Улав поднялся и вышел из-за стола. Теперь он понял: они все время насмехались над ним — и Хафтур тоже. Эта история с кораблями в гусином пруду у Ингебьерг… то была игра, которой он забавлял Халварда и Йона летом, когда дети во Фреттастейне ходили как неприкаянные и были вовсе заброшены.
— Не думаю, чтоб я унизил себя тем, — запальчиво сказал Улав, — что вырезал ножом несколько суденышек для детишек; никому, верно, и в голову не могло прийти, что я сам ими забавлялся… — Тут он спохватился: до чего глупо и ребячливо звучат его слова, и смолк.
— Ясное дело, нет, — ответил Эйнар, — а вообще-то, пожалуй, это чересчур детская забава для молодца, который уже совсем вырос и так обнаглел, что соблазнил сестрицу этих детишек. А вот то, что ты забавлялся с ней в стабуре на отшибе и сделал ей ребенка, — это более пристало мужчине…
— Полно врать! — в ярости вскричал Улав. — Сразу видать, в тебе рабья кровь течет, коли ты можешь нести такой подлый вздор о своей кровной родственнице… Ни о каком ребенке мне неведомо, но коли бы он и народился, так нечего бояться, что мы станем просить вашего отца вскормить его. Мы знаем, не в его обычае это.
— А ну замолчи! — перебил Улава Арнвид. Выскочив из-за стола, он подошел к нему. — И вы заткните свои глотки, — повернулся он к другим. — «Пристало мужчине», — ты говоришь. А вы считаете достойным мужчины то, что сидите здесь и лаетесь, как собаки, после того как Колбейн, ваш отец, пошел на примирение! Ты же, Улав, будь разумнее и не давай раззадоривать себя.

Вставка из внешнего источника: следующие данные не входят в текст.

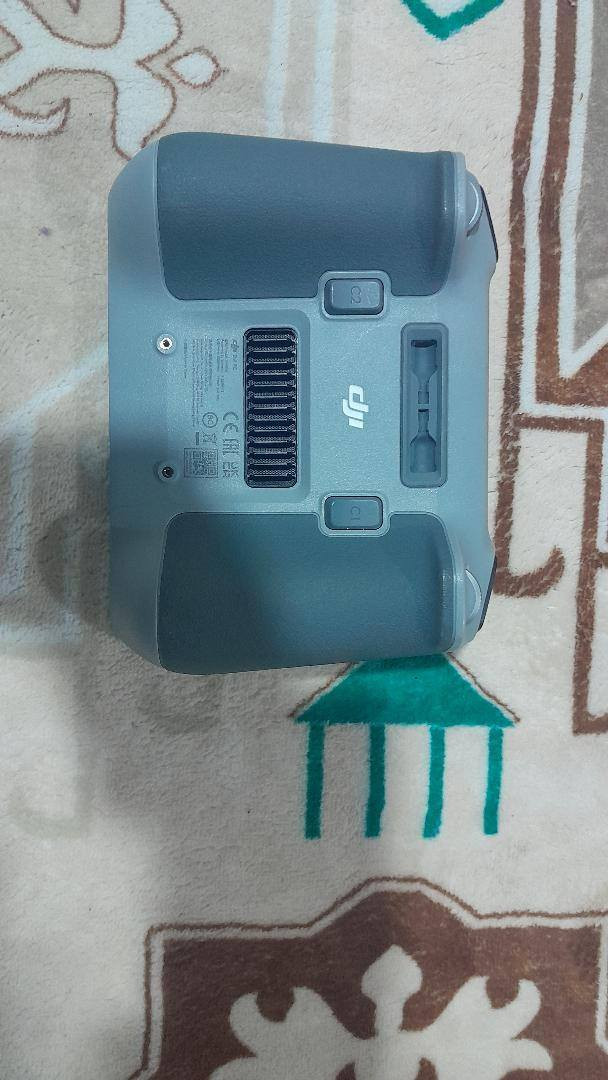 السلام عليكم 
#للبيع....
درون - Dji mini 3 
5 بطاريات 
2 شاحن خارجي 
2 جهاز سمارت 
كامل كلشي شغال فقط هذا الكمبل تطير تصور لاكن الخلل الربل مال الكمبل ..


**إذا كنت صاحب هذا الإعلان وتريد حذفه لأي سبب، رجاءا أرسل رسالة إلى الدعم الفني**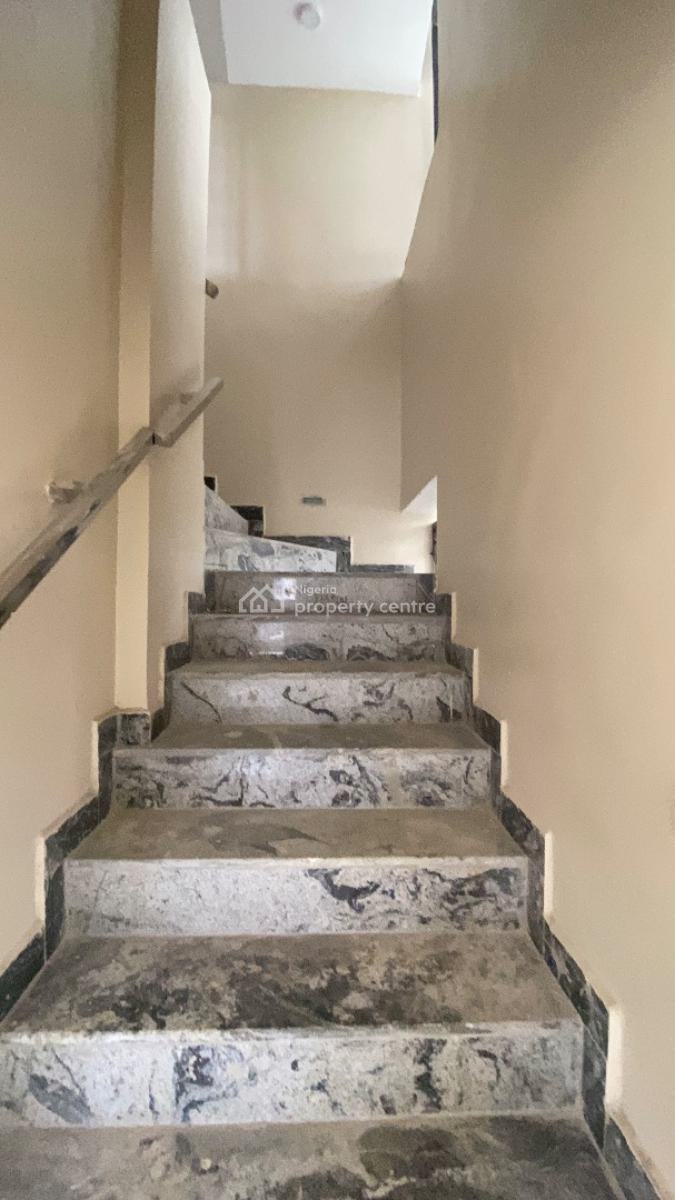 Luxury 4 Bedroom Terrace Duplex + Bq, Guzape District, Abuja, Terraced Duplex for Sale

Но теперь и сыны Колбейна, и Халвард вышли из-за стола, — они были вне себя от гнева на Улава за его последние слова. Колбейн в юности дал ложную присягу, отказавшись от отцовства, но уже в ту пору ходила грязная сплетня об этом деле, а когда мальчик превратился во взрослого мужчину, многие думали, что он прямо-таки до неприличия похож на Колбейна.
— Сам заткни глотку, Арнвид, — сказал Хафтур, он был довольно трезв. — По правде говоря, твое участие в этом деле таково, что тебе же лучше, коли мы не станем о нем судачить. Но Улаву придется стерпеть наши слова: даже если я допущу это примирение вместо кары, которой он заслуживает, ему нечего и ожидать, что мы примем его как желанного гостя в нашем роду.

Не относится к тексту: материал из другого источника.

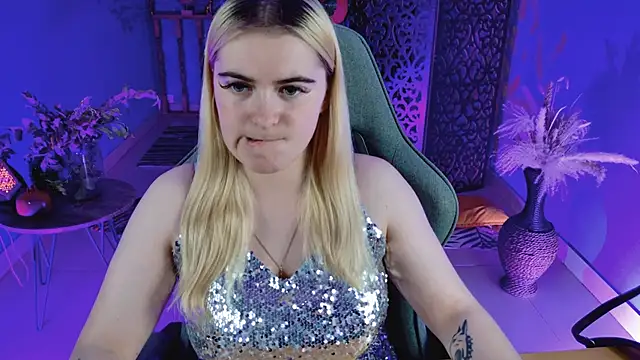 Stef Nicks online show from October 16, 2025, 9:17 am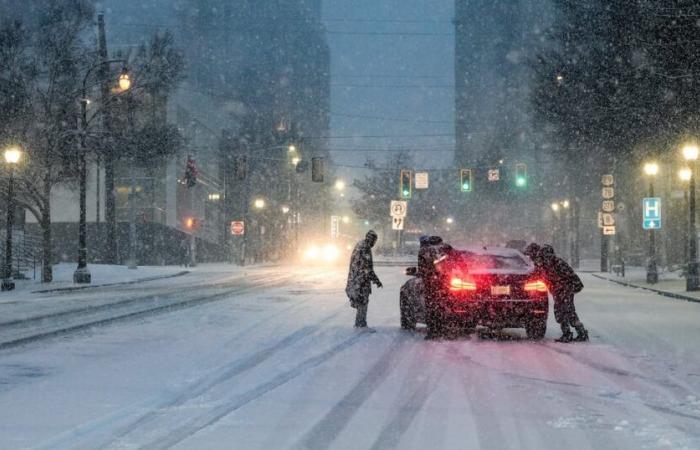 Metro Atlanta se prepara para amenaza de hielo y temperaturas más frías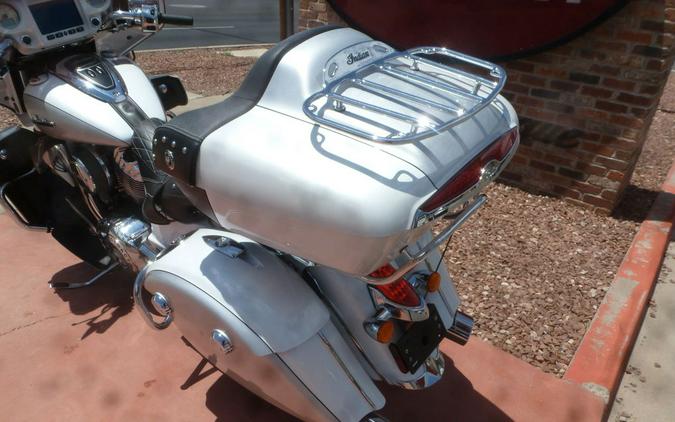 2018 Indian Motorcycle® Roadmaster® ABS Pearl White over Star Silver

— Нет, желанным гостем в нашем роду тебе никогда не бывать, мой Улав… — сказал, злобно ухмыляясь, Халвард.
— Говорите за самих себя, а не за весь род, — прервал его Арнвид. — Не то Колбейн предложит Улаву в жены вместо Ингунн твою сестру Боргхильд, Халвард!
— Лжешь ты! — вскричал Халвард.
— Может, и лгу, — отвечал Арнвид. — Да только Колбейн мне сказал, что собирался это сделать.
— А ну, Арнвид, заткни-ка глотку, — повторил Эйнар, — твоя дружба с Улавом нам известна. Тебе несдобровать, коли мы станем доискиваться, как ты ему пособлял в этом деле. Ты ничего не пожалел для своего полюбовника — даже родственницу свою, почти ребенка, отдал ему в наложницы…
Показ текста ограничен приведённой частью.